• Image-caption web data
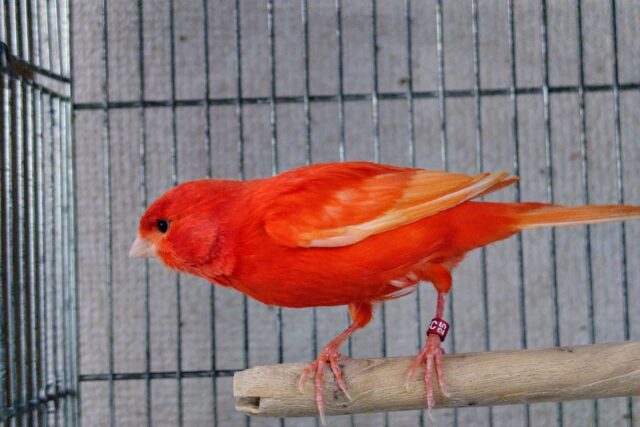 赤カナリア
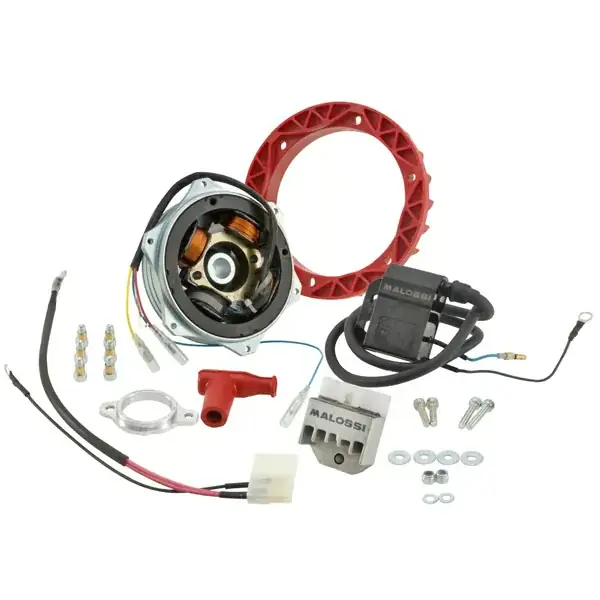 Grande successo - M5517192 - Accensione MALOSSI Power 12V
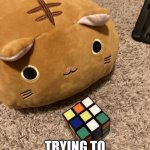 Cube cat | THIS IS A CAT; TRYING TO SOLVE A CUBE | image tagged in meow | made w/ Imgflip meme maker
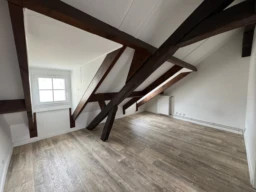 CHARMANT 2 PIECES LE MARAIS - 50m2 au sol 1
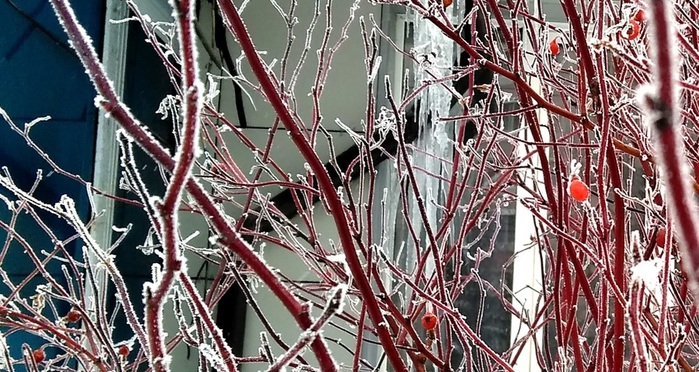 004 (700x372, 170Kb)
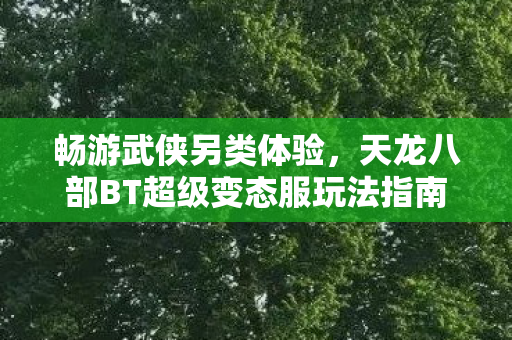 天龙八部BT超级变态服玩法指南图片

• THE TASK
Excluding pictures, print all lines above exactly.

• SOLUTION TO THIS PROBLEM
 赤カナリア
 Grande successo - M5517192 - Accensione MALOSSI Power 12V
 Cube cat | THIS IS A CAT; TRYING TO SOLVE A CUBE | image tagged in meow | made w/ Imgflip meme maker
 CHARMANT 2 PIECES LE MARAIS - 50m2 au sol 1
 004 (700x372, 170Kb)
 天龙八部BT超级变态服玩法指南图片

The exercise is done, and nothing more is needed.